The Association of Directors of Adult Social Services (ADASS) has prepared a report on budget cuts for this year. ADASS calls on the government to “protect essential care and support services to our most vulnerable citizen”.
In the period of 2015/16, social care funding has decreased from £14.9 billion to £13.3 billion, a reduction of 10.7%. This means that more than £1 billion will be cut from social care services for the older and disabled in England over the next year. The impact of this will be that many of those in need of help with basic tasks such as washing, dressing and eating will not have the funding to be able to get help with these daily tasks.
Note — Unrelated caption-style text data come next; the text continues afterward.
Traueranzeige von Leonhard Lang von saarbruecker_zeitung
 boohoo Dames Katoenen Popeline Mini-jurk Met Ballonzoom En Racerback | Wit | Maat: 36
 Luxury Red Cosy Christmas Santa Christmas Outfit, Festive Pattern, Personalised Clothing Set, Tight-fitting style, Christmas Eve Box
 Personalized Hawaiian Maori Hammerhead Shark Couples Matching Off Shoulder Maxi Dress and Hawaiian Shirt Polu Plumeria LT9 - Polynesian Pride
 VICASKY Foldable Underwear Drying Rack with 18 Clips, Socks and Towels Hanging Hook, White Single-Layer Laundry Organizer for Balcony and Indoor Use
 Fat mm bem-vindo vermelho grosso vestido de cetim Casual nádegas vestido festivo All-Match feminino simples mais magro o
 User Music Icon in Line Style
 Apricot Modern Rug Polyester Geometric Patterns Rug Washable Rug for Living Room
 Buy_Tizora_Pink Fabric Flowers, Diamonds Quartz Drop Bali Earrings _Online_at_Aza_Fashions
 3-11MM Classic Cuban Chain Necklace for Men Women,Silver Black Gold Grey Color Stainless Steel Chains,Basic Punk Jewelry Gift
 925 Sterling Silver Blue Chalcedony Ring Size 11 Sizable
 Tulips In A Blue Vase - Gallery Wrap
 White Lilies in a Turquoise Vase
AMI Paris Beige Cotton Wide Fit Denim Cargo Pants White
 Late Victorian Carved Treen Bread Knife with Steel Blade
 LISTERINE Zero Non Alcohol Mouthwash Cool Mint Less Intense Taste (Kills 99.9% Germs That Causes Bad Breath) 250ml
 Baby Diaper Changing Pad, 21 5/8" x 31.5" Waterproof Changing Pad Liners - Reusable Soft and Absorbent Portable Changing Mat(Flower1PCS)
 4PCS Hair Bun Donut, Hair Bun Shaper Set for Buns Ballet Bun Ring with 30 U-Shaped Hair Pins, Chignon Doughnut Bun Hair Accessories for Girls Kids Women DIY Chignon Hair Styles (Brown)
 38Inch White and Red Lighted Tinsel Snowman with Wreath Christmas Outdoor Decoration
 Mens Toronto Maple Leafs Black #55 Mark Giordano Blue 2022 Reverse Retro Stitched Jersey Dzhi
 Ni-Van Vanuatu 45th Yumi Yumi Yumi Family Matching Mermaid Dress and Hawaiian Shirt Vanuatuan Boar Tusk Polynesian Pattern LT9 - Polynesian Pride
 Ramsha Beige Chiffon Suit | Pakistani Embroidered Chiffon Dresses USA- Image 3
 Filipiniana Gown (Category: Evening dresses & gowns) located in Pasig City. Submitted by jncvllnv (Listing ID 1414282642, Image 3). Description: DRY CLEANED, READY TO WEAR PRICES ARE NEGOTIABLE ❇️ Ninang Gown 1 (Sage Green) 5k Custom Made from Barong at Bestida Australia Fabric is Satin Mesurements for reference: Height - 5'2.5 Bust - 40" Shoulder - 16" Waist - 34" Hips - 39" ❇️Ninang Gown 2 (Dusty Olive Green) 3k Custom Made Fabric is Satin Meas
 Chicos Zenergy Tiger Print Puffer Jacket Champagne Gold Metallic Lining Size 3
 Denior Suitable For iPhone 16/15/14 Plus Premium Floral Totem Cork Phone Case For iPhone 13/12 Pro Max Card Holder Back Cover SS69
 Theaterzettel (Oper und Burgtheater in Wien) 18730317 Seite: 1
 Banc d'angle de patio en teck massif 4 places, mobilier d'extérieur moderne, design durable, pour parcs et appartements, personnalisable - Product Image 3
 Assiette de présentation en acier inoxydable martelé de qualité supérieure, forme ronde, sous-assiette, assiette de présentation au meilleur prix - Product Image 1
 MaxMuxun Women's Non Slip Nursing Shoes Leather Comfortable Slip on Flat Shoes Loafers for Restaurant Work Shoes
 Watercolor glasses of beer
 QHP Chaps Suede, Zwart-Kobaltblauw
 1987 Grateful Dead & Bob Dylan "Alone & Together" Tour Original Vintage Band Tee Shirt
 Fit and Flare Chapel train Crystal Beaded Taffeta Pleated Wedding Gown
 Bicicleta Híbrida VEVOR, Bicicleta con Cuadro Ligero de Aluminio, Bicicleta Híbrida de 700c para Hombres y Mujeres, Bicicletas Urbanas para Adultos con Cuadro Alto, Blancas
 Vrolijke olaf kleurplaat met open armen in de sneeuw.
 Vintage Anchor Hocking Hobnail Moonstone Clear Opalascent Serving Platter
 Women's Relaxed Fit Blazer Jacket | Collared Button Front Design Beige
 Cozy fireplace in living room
This year, spending on social care has remained steady on 35%. The ADASS report concludes that “Councils have tried to protect social care spending at the cost of other services but are running out of ability to do this in the future.” Although an attempt has made to protect social care spending at the cost of other services, the cuts to social care will have an adverse effect on other important healthcare services. The NHS will be put under increased pressure as this will in turn mean they have to pick up some of the slack.
Around 400,000 fewer people received social care support over the past five years than in previous years, a trend that social care directors say they expect to continue. Councils are forecasting a £4.3bn black hole in social care funding in England by 2020. The stark warning given in the ADASS report states that further cuts would jeopardise the safety and well-being of vulnerable older people. This statement alone highlights the danger and grave impact of these cuts and the risk it poses to older disabled people in England.
Social care is now at a crossroads. These cuts may mean that it is at a risk of becoming a residual service. Many people and their families could be left struggling to obtain social care support or to meet the costs of care themselves.